I’m a bit miffed by the way i tend to confuse myself on how many degrees of freedom should be applicable to a particular test. Is there a general approach of specifying this?
Yes.
Every time you calculate a statistic you lose a degree of freedom. Say you have a sample of 500 giraffes and you want to compute their average height. (Capturing all of the giraffes in the world is too difficult, so you’ll use your sample and infer from that.) You calculate the mean height of the giraffes in your sample as 5.62 meters.
If you grabbed another sample of 500 giraffes with the intention of calculating their mean height – and you’re constrained to get the same mean as in your first sample (that’s the key constraint, and the explanation of this whole degrees-of-freedom thing) – then 499 of those giraffes can be any height whatsoever (they can vary freely), but the 500th one is constrained: its value must be the correct number to give you a mean height of 5.62 meters. By calculating the mean, you have lost one degree of freedom.
If you’re doing a linear regression, for example, then you’ll calculate a number of statistics; specifically, an intercept and a number of slope coefficients. For every such statistic you calculate, you lose a degree of freedom. If you have a sample of 500 (x, y) data points and you calculate a slope and an intercept, then grab another sample of 500 (x, y) data points, 498 of the _y_s can vary freely, but the last two must be specific values to get that same slope an intercept; you’ve lost two degrees of freedom.
In general, for linear regression where you have k input varaibles, so you compute k slopes and one intercept, you lose k + 1 degrees of freedom: you’ll have n – k – 1 degrees of freedom with n data points.
Thank you so very much! If i did have 500 giraffes, i’d give you a couple.
Magician, thanks for the complete answer as always. That’s how I understood degree of freedom as well. Then, why in the CFAI (R.13, Q#13), they say the following:
“In a correctly specified regression, the residuals must be serially uncorrelated. We have 108 observations, so the standard error of the autocorrelation is 1/ T, or in this case 1/ 108 = 0.0962. The t-statistic for each lag is significant at the 0.01 level.

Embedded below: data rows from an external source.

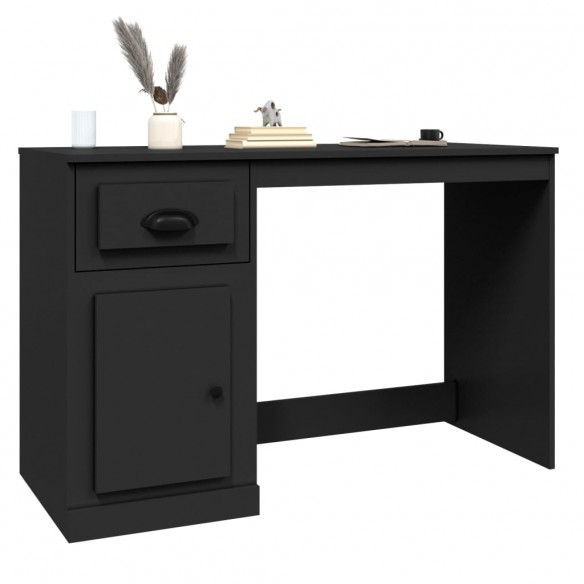 Bureau avec tiroir noir 115x50x75 cm bois d'ingénierie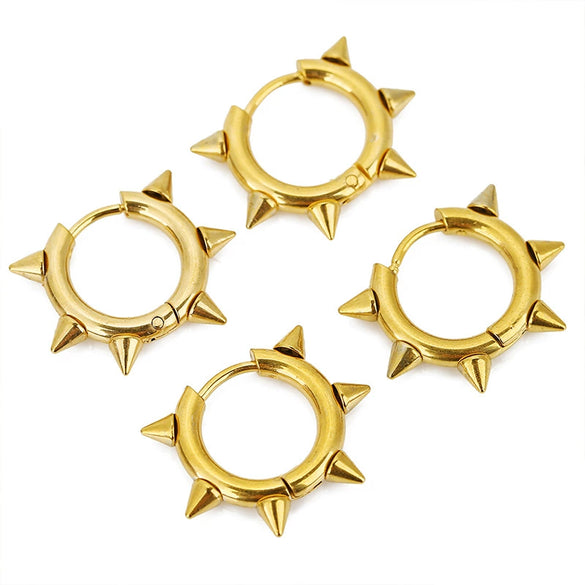 Punk Style Stainless Steel Round Pointed Cone Rivet Electroplated Unisex Earrings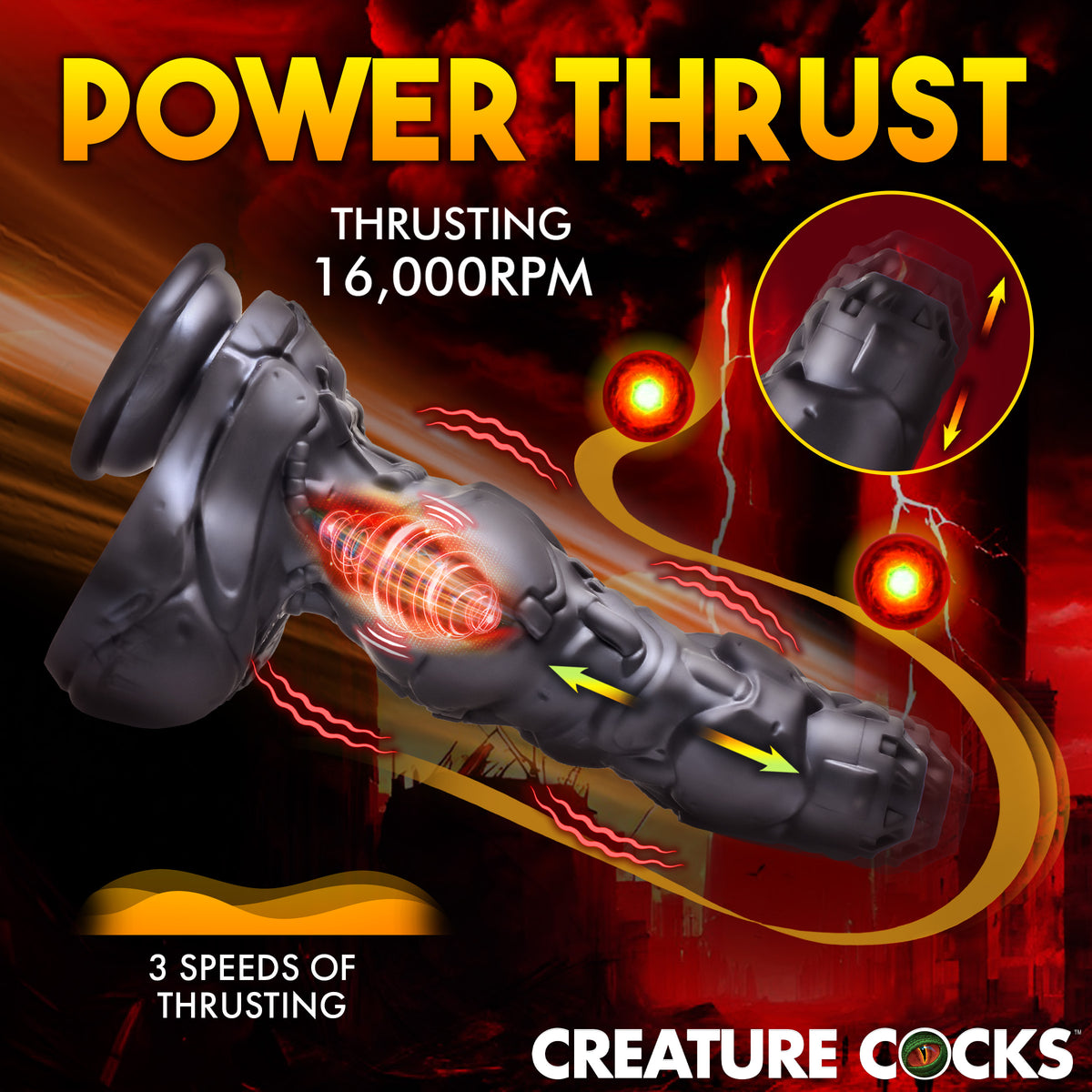 Creature Cocks Cyborg Cock Thrusting and Vibrating Silicone Dildo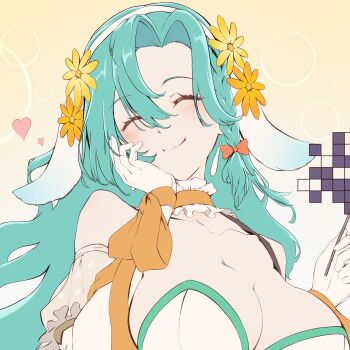 1girl absurdres animal_ears aqua_hair breasts chloe_(fire_emblem) chloe_(spring)_(fire_emblem) choker clear_glass_(mildmild1311) cleavage fake_animal_ears fire_emblem fire_emblem_engage fire_emblem_heroes gloves highres large_breasts long_hair nintendo official_alternate_costume orange_choker rabbit_ears white_gloves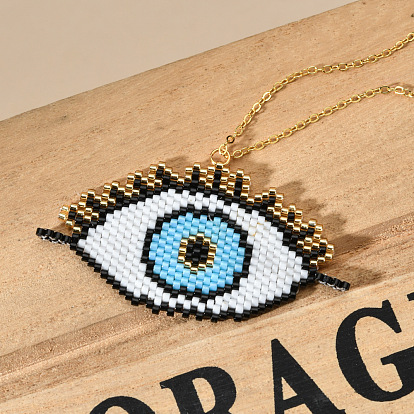Turkish Blue Eye Vintage Pendant Necklace - Bohemian Colorful Beaded Sweater Chain Jewelry.
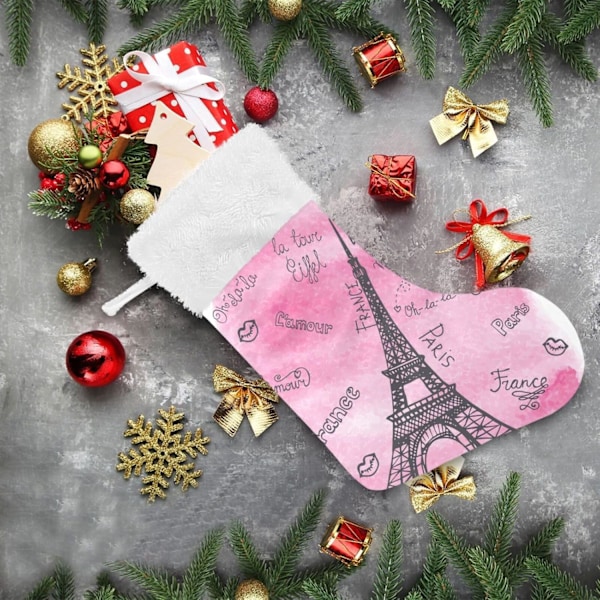 Julklapp, personliga julklappsstrumpor 2-pack Paris Eiffeltornet Hjärtan Kant 45,7 cm Julstrumpor Hängande Ornament Eldstad för B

We would have to modify the model specification before continuing with the analysis.”
I know you don’t have the books but all they are doing is looking at whether the autocorrelations are significant. We are given a table with autocorrelations, standard errors, and the t-stat. The equation is: “Δln (Sales t) = 2.7108 + 0.3987Δln (Sales t–1) + εt.” This is an AR(1) model so shouldn’t df = 108 - p - 1, i.e. 108 - 1 - 1 = 106?
Any insight would be greatly appreciated. Quant is far from being my strength.
For what it’s worth on this topic. A related question I had was why we divide by n-1 when calculating some statistics rather than by n. In linear regression, we end up using n-2 in many calculations or really, n-k-1 degrees of freedom as stated above. Kahn Academy has an excellent video on why we divide by n-1, rather than n. I’m sure this n-k-1 degrees of freedom is all related. It would be nice if Kahn Academy would present videos on multiple linear regression and time series so we could all understand the nuansances of this lesson.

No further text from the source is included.